BEGIN EXERCISE MATERIAL

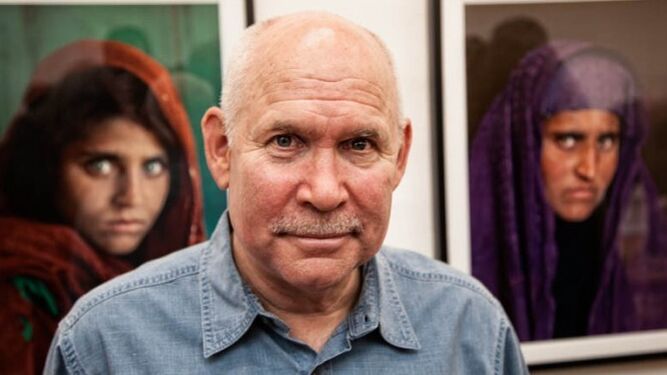 Steve McCurry junto a su famosa foto de la chica afgana.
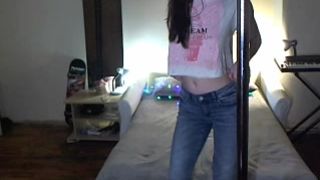 Cute girl tries on a couple outfits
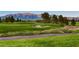 Picturesque golf course with manicured greens, a sand trap, and mountain views showcases luxury community living at 7921 Fantail Dr, North Las Vegas, NV 89084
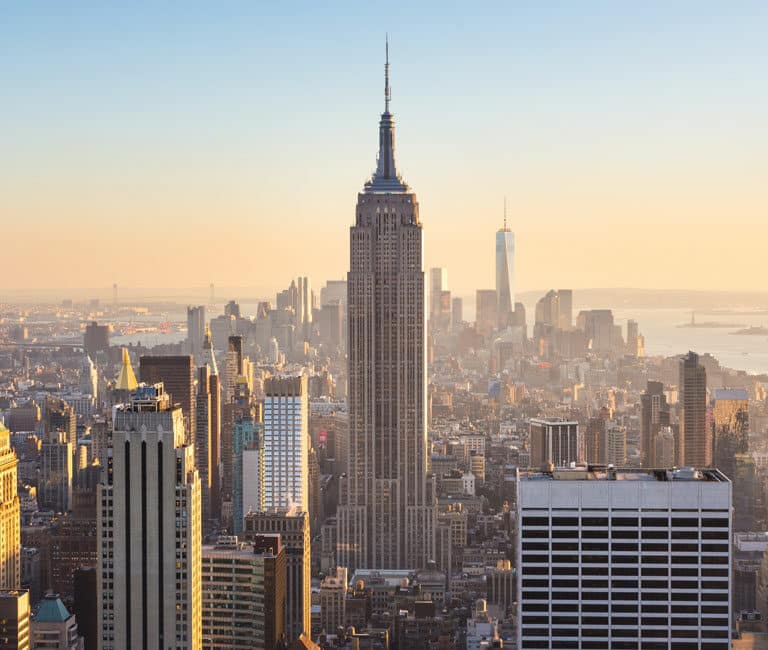 Empire state building with surrounding buildings.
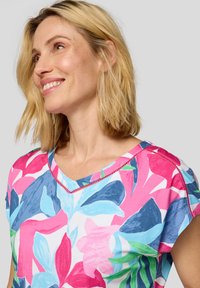 Mehrfarbiges Blumenbluse mit V-Ausschnitt und kurzen Ärmeln. Das Design umfasst blaue, rosa und grüne Blätter auf einem weißen Hintergrund.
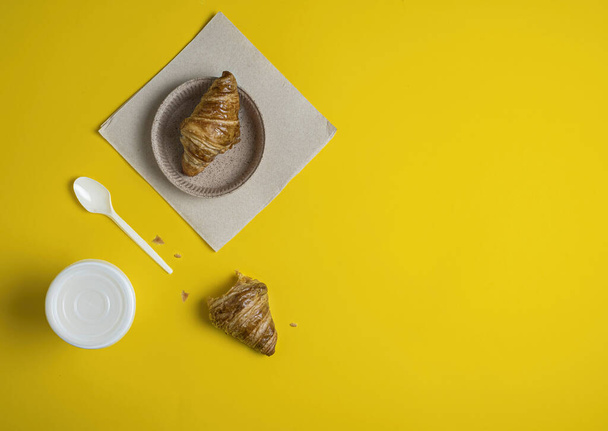 Coffee and croissant on the table, take-away food on a yellow background, a croissant bitten off - Photo, image
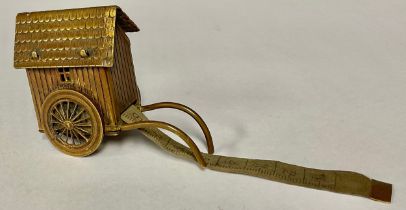 Haberdashery - a Victorian novelty tape measure, as a bathing machine, 5cm high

END EXERCISE MATERIAL

In the answer, give only the lines from the one containing "Cute girl tries on a couple outfits" through the end of the records above, each reproduced exactly. Include no pictures.

 Cute girl tries on a couple outfits
 Picturesque golf course with manicured greens, a sand trap, and mountain views showcases luxury community living at 7921 Fantail Dr, North Las Vegas, NV 89084
 Empire state building with surrounding buildings.
 Mehrfarbiges Blumenbluse mit V-Ausschnitt und kurzen Ärmeln. Das Design umfasst blaue, rosa und grüne Blätter auf einem weißen Hintergrund.
 Coffee and croissant on the table, take-away food on a yellow background, a croissant bitten off - Photo, image
 Haberdashery - a Victorian novelty tape measure, as a bathing machine, 5cm high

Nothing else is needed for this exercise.